NVIDIA RTX PRO 4500 Blackwell Server Edition: 10,496 Cores, 32 GB GDDR7, and Finally a GPU that Fits in a Rack
Key Takeaways
- •Single‑slot, passive cooling, 165 W TDP.
- •10,496 CUDA cores, 32 GB GDDR7 memory.
- •MIG supports two 16 GB partitions for multi‑tenant workloads.
- •Fits 1U/2U servers, boosts rack power density.
- •Optimized for inference, VDI, video, edge AI workloads.
Summary
NVIDIA introduced the RTX PRO 4500 Blackwell Server Edition, a single‑slot, passively cooled GPU delivering 10,496 CUDA cores, 32 GB of GDDR7 memory, and a 165 W TDP. The card targets enterprise workloads such as inference, virtual desktops, video encoding, and edge AI, offering MIG partitioning and multiple NVENC/NVDEC engines. Its compact form factor and low power draw enable higher GPU density in 1U/2U racks, addressing data‑center power‑and‑cooling constraints. While not a hyperscale accelerator, it provides a cost‑effective balance of performance and efficiency for real‑world deployments.
Pulse Analysis
Data centers are hitting a wall on power and cooling budgets, forcing architects to rethink how many accelerators they can pack into a rack. Traditional high‑performance GPUs often exceed 300 W and require dual‑slot, active cooling, which inflates power‑distribution and airflow requirements. NVIDIA’s RTX PRO 4500 Server Edition flips that script with a 165 W, single‑slot design that can be passively cooled, allowing operators to double or even triple the number of GPUs in a 1U or 2U chassis without overhauling the infrastructure.

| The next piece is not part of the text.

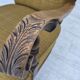 1960s, Danish armchair, original green furniture wool, carved oak wood,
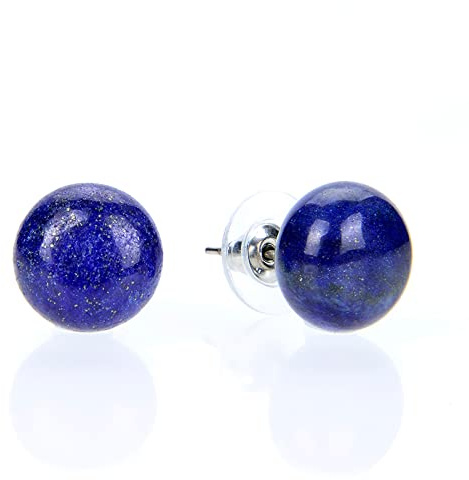 1 par Silverpläterade Lapis Lazuli Natursten Kvinnor Örhängen Brödform Örhängen För Dam Örhänge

Under the hood, the GB203 chip provides 10,496 CUDA cores, 82 RT cores, and a 256‑bit, 800 GB/s memory interface using 32 GB of GDDR7. The card also includes three NVENC and three NVDEC engines and supports Multi‑Instance GPU (MIG) partitioning into two 16 GB slices, making it ideal for mixed‑tenant environments such as virtual desktop infrastructure, video transcoding farms, and edge AI inference nodes. While its raw FLOP numbers lag behind the H100, the RTX PRO 4500 delivers sufficient FP8‑FP16 performance for most inference and rendering tasks, emphasizing utilization and cost per job over peak throughput.
Strategically, NVIDIA is segmenting its portfolio to capture the growing “mid‑range” data‑center market that values density, efficiency, and price predictability over raw horsepower. By offering a server‑grade GPU that fits in a single slot and operates quietly, NVIDIA opens doors for cloud providers, OEMs, and enterprises to deploy AI workloads in space‑constrained environments like edge data centers and dense blade systems. This move could reshape purchasing decisions, pushing organizations to favor GPUs that align with total cost of ownership metrics rather than headline‑grabbing TFLOP figures, and may spur competitors to follow suit with similarly efficient form factors.